The panel of immunogenic fractions identified in the present study showed distinct and variable recognition. The number of antigenic fractions recognized in all groups was directly related to the parasite load (inoculum size). This fact might explain the recognition of smaller numbers or less intense antigenic fractions in group I. The immune response of mice infected with T. canis has been related to the inoculum . We can infer that the remaining larvae from group I might not have stimulated the immune response as observed in animals from groups II and III that were challenged by higher parasite load levels.

Throughout the experimental infection, an increase in the number of protein fractions recognized by IgG in the animals was observed. Similar results were revealed in experimental infections of gerbils, rabbits and other mice . However, it is important to emphasize that all these studies evaluated only inoculum sizes containing higher doses (≥ 1,000) T. canis larvae or eggs.

Interestingly, the 30-35 kDa fractions were recognized by groups II and III at the initial phase of the infection. Other authors observed protein fractions of 32 kDa 20 dpi in gerbils and of 35 kDa 14 dpi in rabbits inoculated with 1,000 and 5,000 T. canis eggs, respectively . In contrast, in group I, this fraction was only recognized after 30 dpi. These results may indicate that this protein fraction is not immunogenic enough at the initial phase of the infection, especially in the presence of low inocula sizes. In addition, Nguyen et al. demonstrated that 33.1 kDa E/S protein of T. canis was the most reactive fraction recognized by specific IgG in animals and humans. Unlike the present study, serum samples from rabbits were evaluated only after 30 dpi. In previous studies, this fraction has been applied to the diagnosis of human toxocariasis .

CONCLUSION

As far as we know, this is the first study that describes an antigenic recognition panel by antibodies present in serum of animals inoculated with small size inocula (low parasite load) as well as intermediate and high parasite load inocula, at different times post infection . In addition, the recognition of the 30-35 kDa fraction in experimental animals infected with low parasite load (5 eggs) can mimic the course of infection in occult human toxocariasis .

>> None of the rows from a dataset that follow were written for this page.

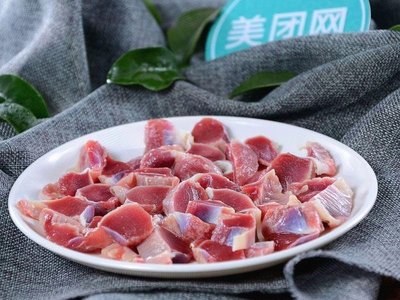 Zhengyang Barbecue (Ciqu Taihe Store)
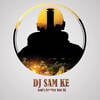 Dj Sam KE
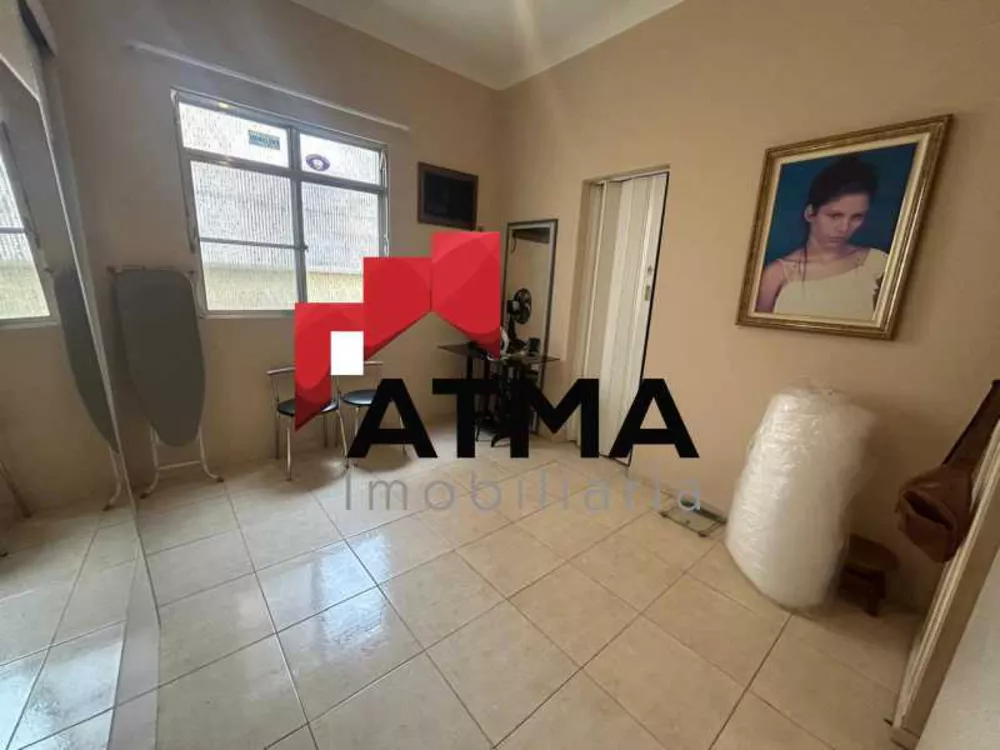 Apartamento, 2 quartos, 96 m² - Foto 19
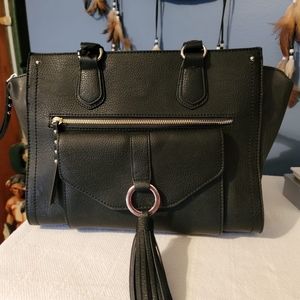 Handbag - Shoulder - NWT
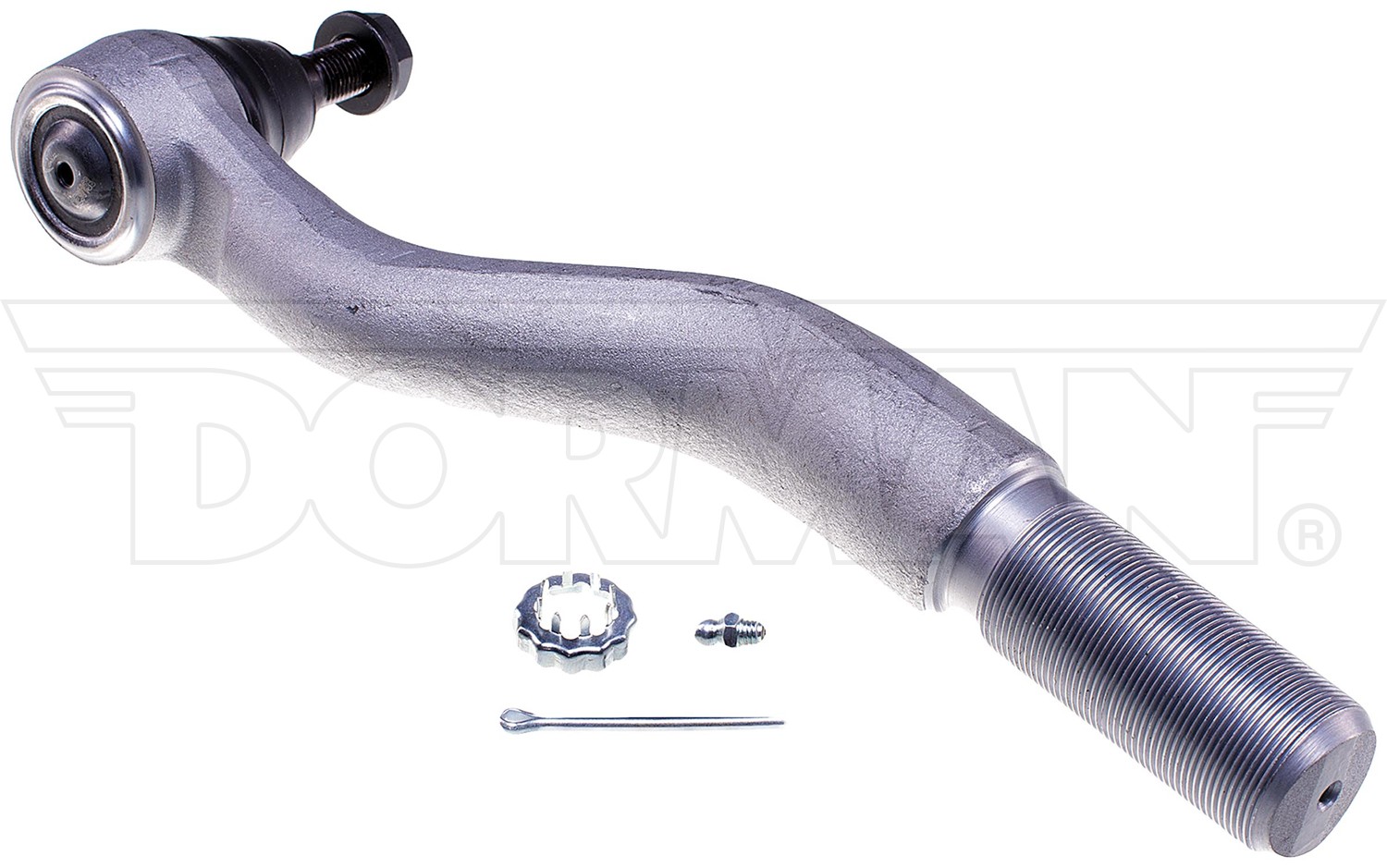 Dorman DOR-T3423XL Steering Tie Rod End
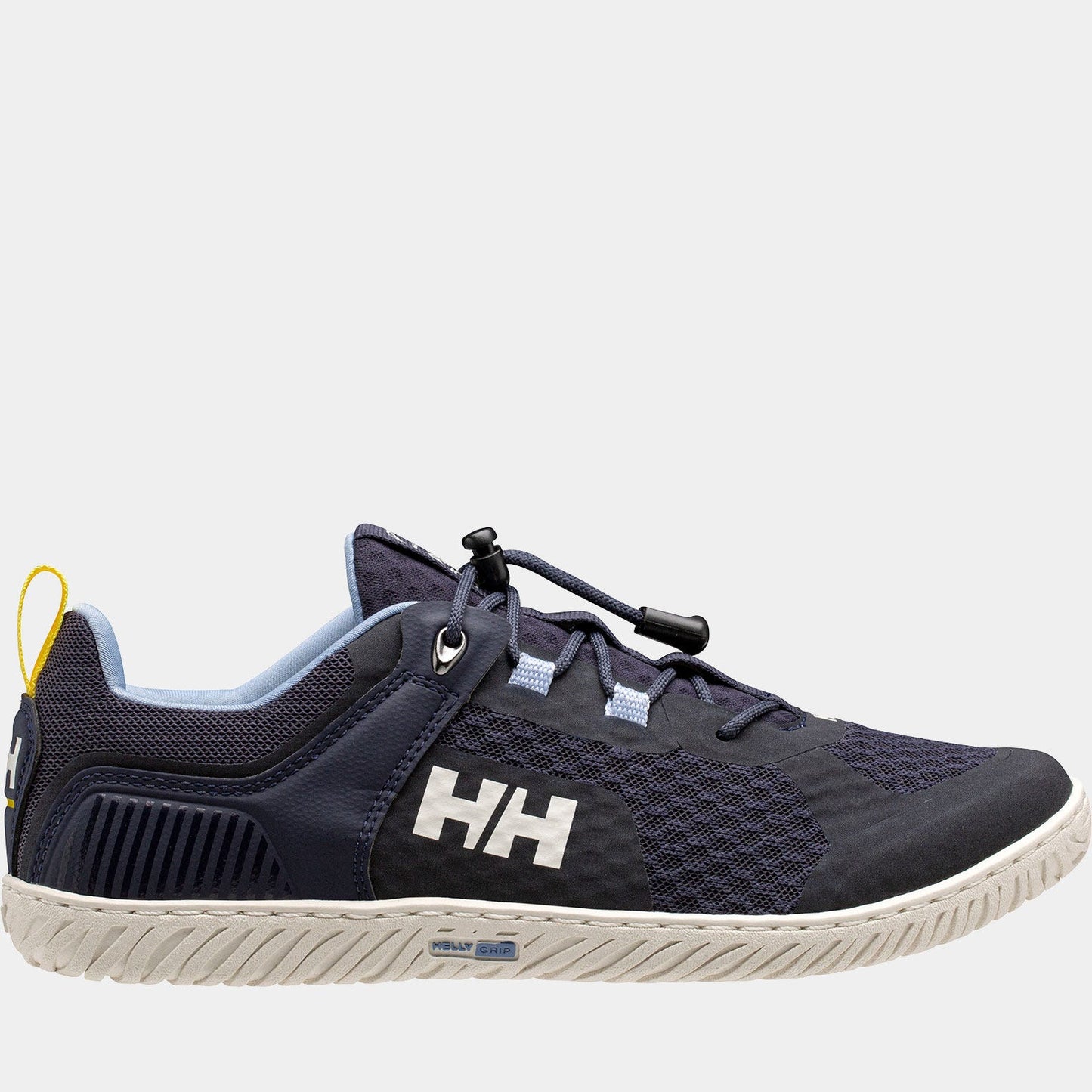 Helly Hansen Women's HP Foil V2 Sailing Shoes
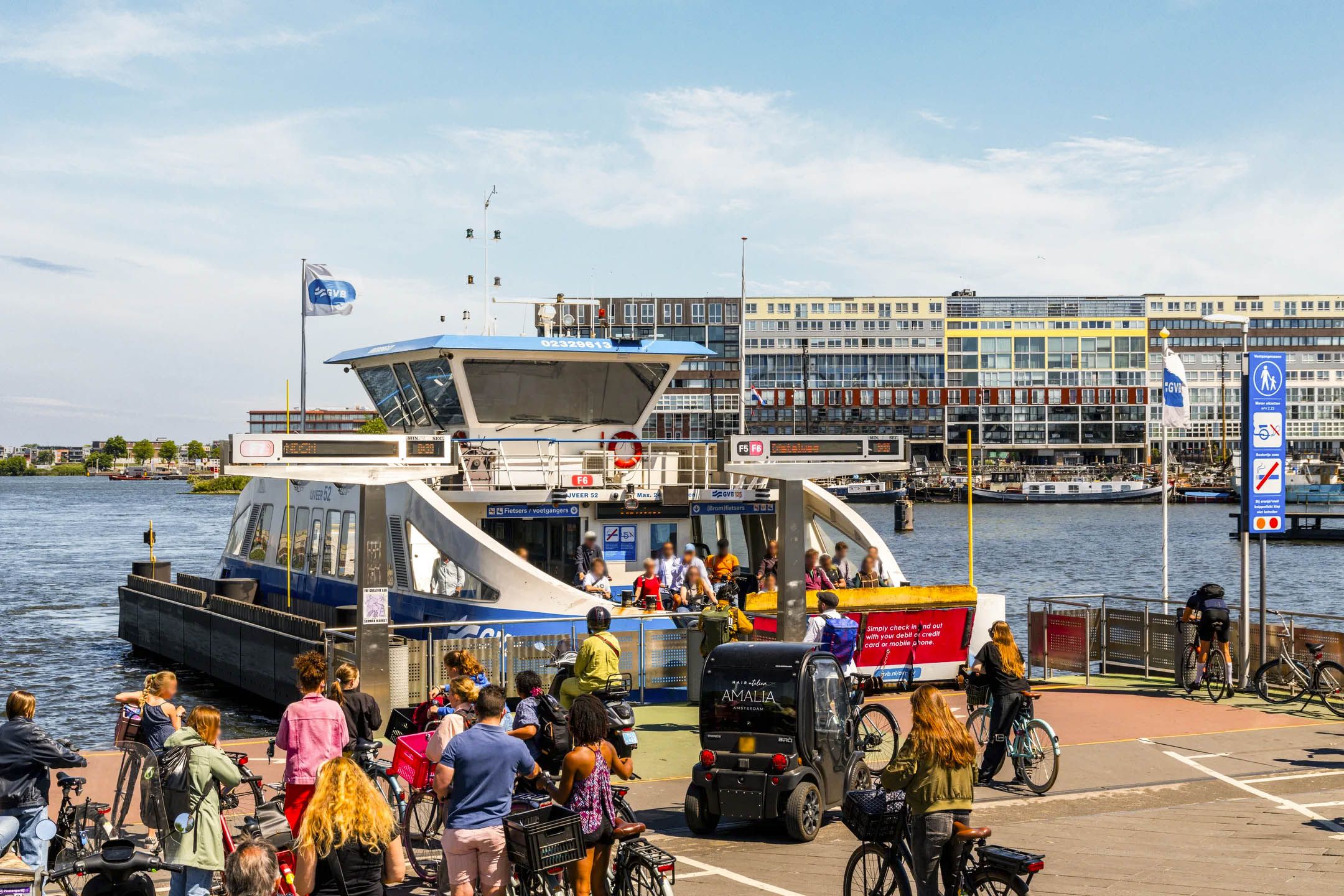 Photo 48 of Memeleiland 131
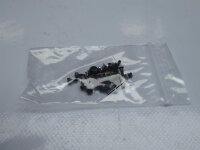 Apple MacBook Air A1370 Schraubensatz Screws Set Mid 2011...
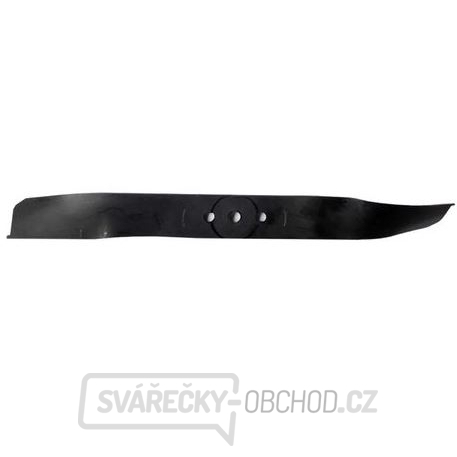 Žací nůž 53 cm MS 225 - 53-náhradní díl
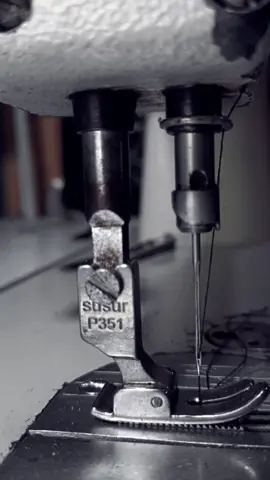 Template nya bagus #CapCut #alatjahit #penjahit #tailor#fypシ 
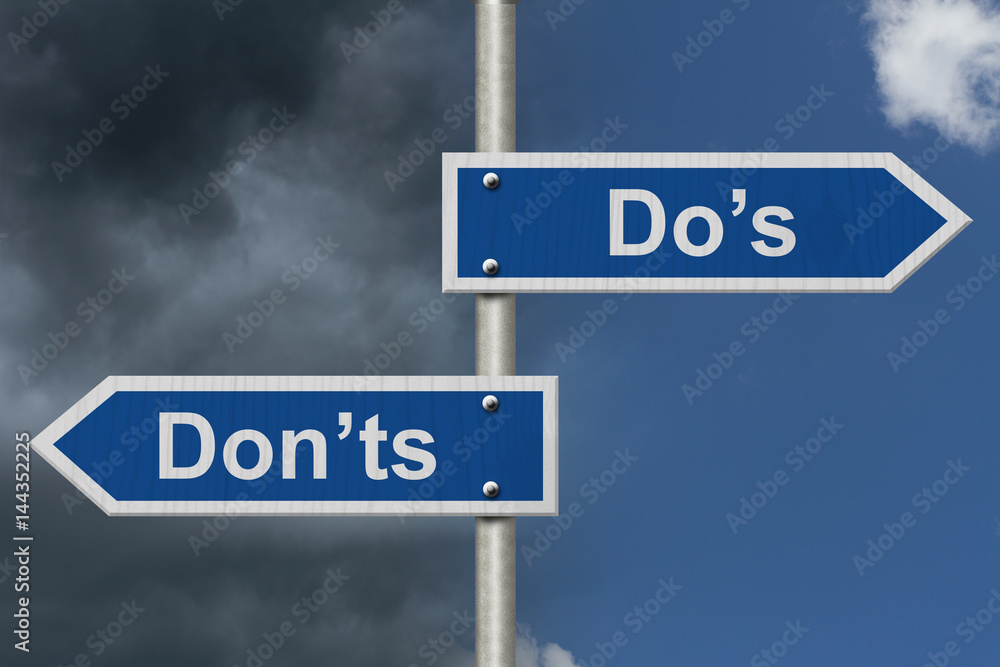 Obraz premium Learning to use proper grammar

The migration pattern of Toxocara larvae in mice starts with the visceral stage andsubsequently evolves to the myotropic-neurotropic stage, corresponding to the collection times 10 dpi and after 10 dpi, respectively . A possible re-migration to the tissues via the bloodstream may occur . Therefore, the increase and decrease of protein fractions might be related to the larval migration pattern at that time or the elimination of parasites by the immune system, or the momentary parasite load. Thus, our TES-Ag antigenic panel highlights the 30-35 kDa fraction as an important marker of murine infection caused by T. canis, especially in the advanced stages of infection, even in the occurrence of infection with very low larval load. These results support further research for the improvement of WB for diagnosis of murine and human toxocariasis.